Esses efeitos espaço-temporais são extremamente pequenos para massas comuns, como uma pessoa ou mesmo uma montanha. Mas quando lidamos com objetos astronômicos, como o Sol, eles se tornam mais importantes. De fato, os efeitos previstos por Einstein dependem da "densidade" do objeto, da quantidade de matéria que existe em seu volume. Por exemplo, uma pessoa com 70 quilos não tem uma densidade muito grande, mas se encolhermos essa pessoa mantendo a sua massa fixa até o tamanho de uma bola de gude, sua densidade fica muito maior. O que controla a importância dos efeitos previstos por Einstein é, em um corpo esférico, a razão da massa do corpo (M) pelo seu raio (R), M/R.

Como a gravidade é atrativa, se ela atuasse sozinha, todos os objetos tenderiam a encolher até um ponto com densidade infinita. Como nós não somos pontos com densidade infinita, sabemos que existem outras forças na natureza contrabalançando a atração gravitacional, dando estabilidade aos objetos do mundo. Por exemplo, uma estrela existe por causa do equilíbrio entre a atração gravitacional, que tende a fazer com que a estrela encolha, e a produção de radiação em seu interior através da fusão nuclear de hidrogênio em hélio. Essa fusão do elemento químico mais leve (hidrogênio) no segundo elemento mais leve é que produz a energia capaz de balancear a estrela. No caso do Sol, a fusão continua sem problemas durante 10 bilhões de anos (estamos na metade do ciclo). Depois disso, a gravidade fará com que o Sol encolha até ele encontrar um novo estado de equilíbrio em forma de "anã branca", uma estrela tão densa que uma bola de gude feita de seu material teria o mesmo peso que a Torre Eiffel.

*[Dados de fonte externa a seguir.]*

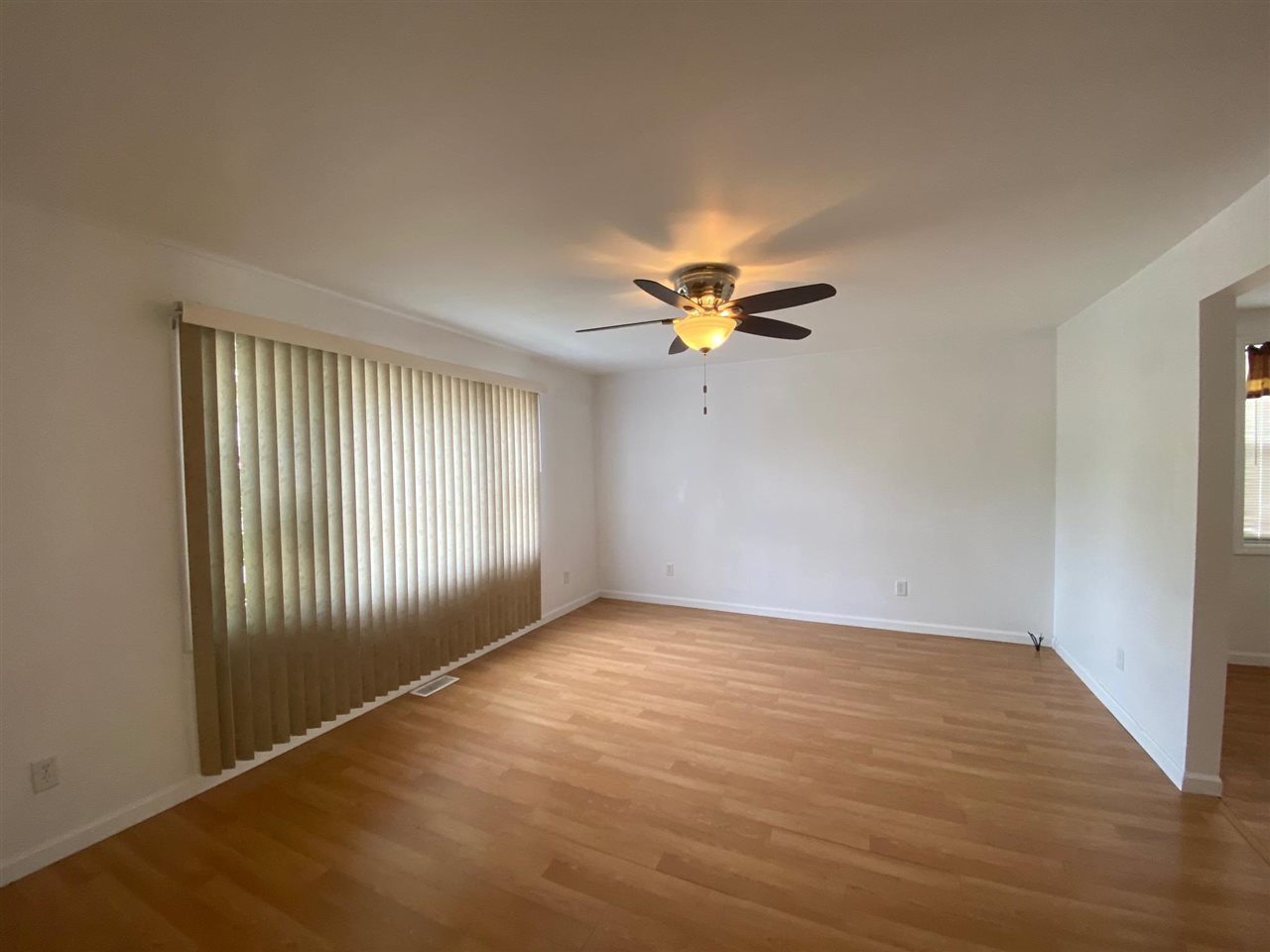 606 Howard Street Bay City, MI 48708 - Photo 3 of 19 Gallery Image 3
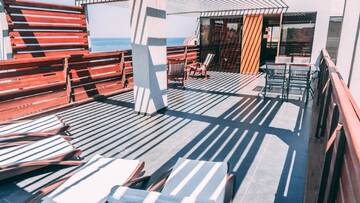 Фото номера Апартаменты с видом на море - Пентхаус Отель Design Hotel Logatero г. Созополь 4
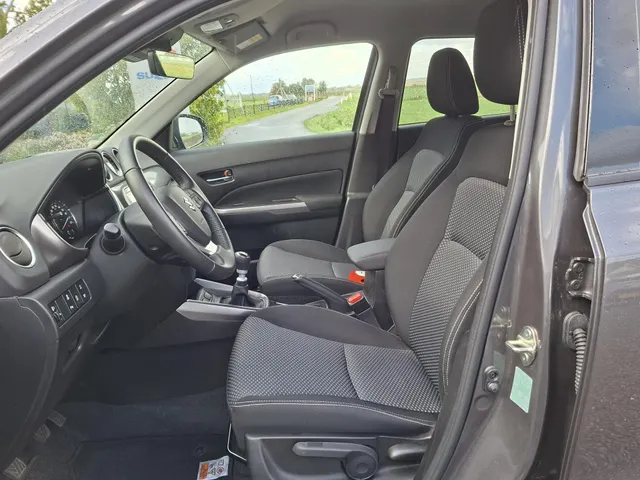 Suzuki Vitara 1.4 Boosterjet Smart Hybrid Select CLIMA | CRUISE | rijklaarprijs!!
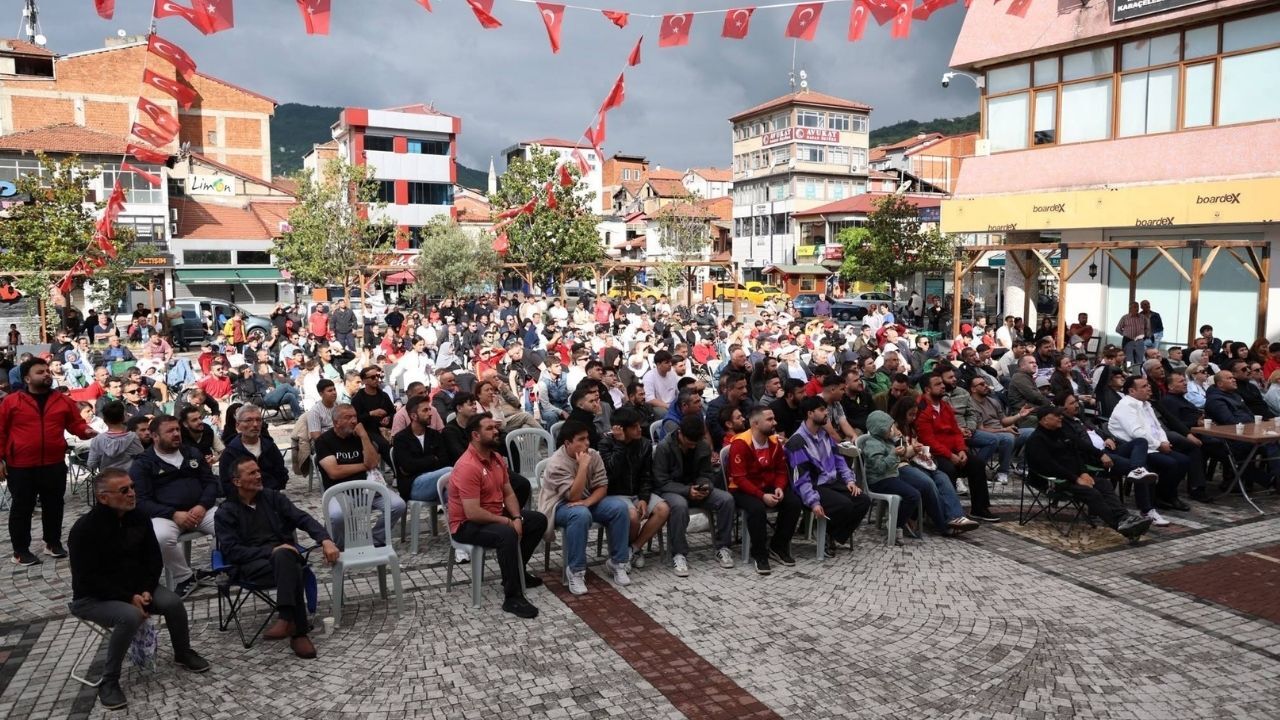 Cumhuriyet Meydanı'nda Milli Heyecan Ana (1)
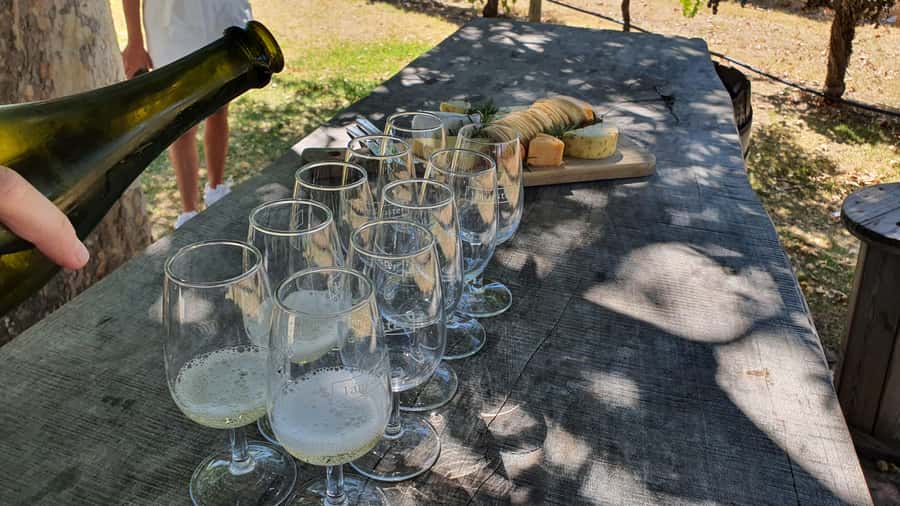 Swan Valley: Full-Day Wine Tour with Lunch - Key points at a glance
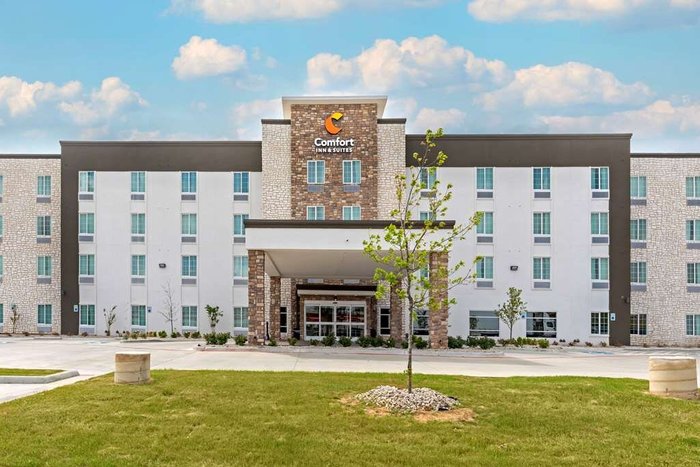 COMFORT INN & SUITES $88 ($̶1̶0̶6̶) - Updated 2023 Prices & Hotel ...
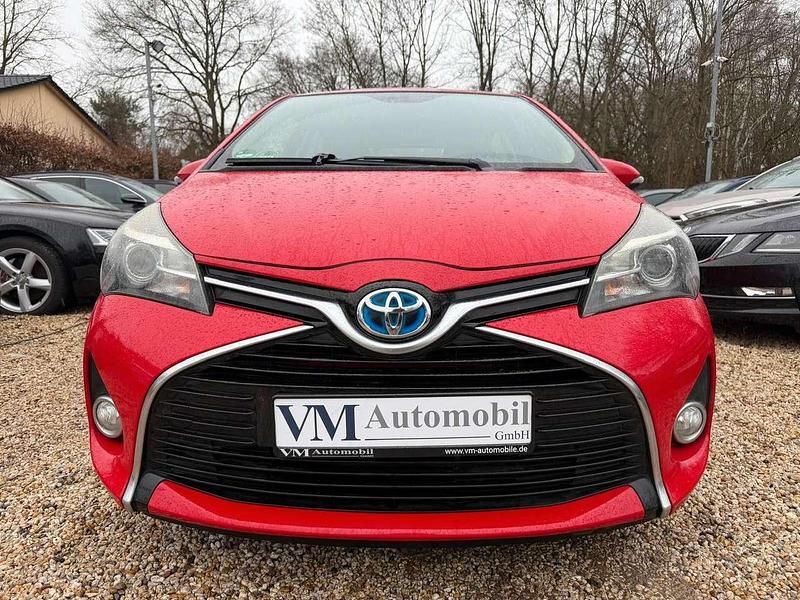 Gebraucht Toyota Yaris Hybrid Comfort 75 PS (55 kW) 2014 Rot Kleinwagen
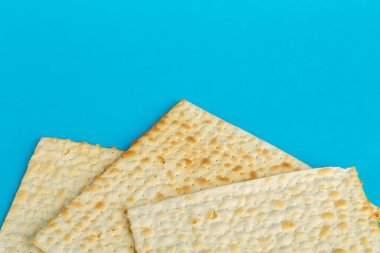 Matzo tabakları mavi arka planda her şekilde serilmiştir. kopyalama alanı. Yatay fotoğraf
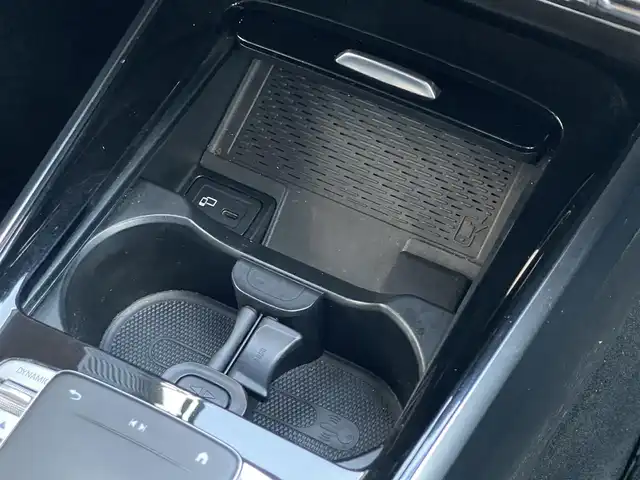 メルセデス・ベンツ ＧＬＢ２００ｄ 山梨県 2020(令2)年 5.4万km マウンテングレー ＯＰ２０インチＡＷ　/ＲＳＰ　/ＭＢＵＸ　/全方位カメラ　/フルセグ　/Ｐシート　/シートヒーター　/置型充電　/電動リアＧ　/ＬＥＤ　/Ａライト　/ＡＣＣ　/ＢＳＡ　/ＬＫＡ　/ステアリングＰ　/スペアキー　/保証書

Mas o Sol é uma estrela pequena. Estrelas bem maiores não têm a mesma sorte e continuam a encolher devido à sua própria gravidade, sem encontrar um novo estado de equilíbrio. Nesse caso, como a sua massa permanece aproximadamente constante e o seu raio diminui cada vez mais, como um balão sendo comprimido, os efeitos gravitacionais (M/R) crescem cada vez e as correções previstas por Einstein eventualmente passam a ser importantes. O trágico é que, como nada pode deter esse colapso, a gravidade da estrela vai encurvando o espaço cada vez mais até que ele efetivamente se fecha sobre si mesmo: não podemos ver o que está ocorrendo dentro dele, já que nenhuma informação pode escapar de dentro para fora, nem mesmo a luz. Assim nasce um buraco negro, uma espécie de véu separando o nosso mundo do mundo encurvado sobre si mesmo circundando os restos da estrela.

Das inúmeras questões que surgem com relação aos buracos negros, uma das mais interessantes é o que acontece no seu centro. Segundo as leis da relatividade geral, no centro existe uma "singularidade" espaço-temporal, um ponto onde a gravidade é infinita. Em física, essas singularidades apontam para os limites de uma teoria; a relatividade de Einstein não pode descrever o que ocorre no centro de um buraco negro. A distâncias muito pequenas precisamos também usar a mecânica quântica, que estuda a física atômica e subatômica. O problema é que não sabemos como casar as duas teorias, a gravidade e a mecânica quântica. E o mais chocante é que a mecânica quântica prevê que o buraco negro evapora aos poucos, ficando cada vez menor, até que apenas o seu centro absurdo nos seja revelado! Essa possibilidade causa pesadelos aos físicos, que conjecturam que essa "singularidade nua" não pode ser revelada. O termo "censura cósmica" foi criado, supondo que algo ocorrerá antes de vermos a singularidade nua, mantendo a moralidade cósmica. As leis da física não se quebram, apenas o nosso conhecimento. É possível que a singularidade não exista e que os buracos negros tenham um fim bem mais discreto do que nos revelar a sua nudez. Talvez tudo se resolva quando casarmos as duas teorias. Mas esse casamento está muito difícil de ser arranjado.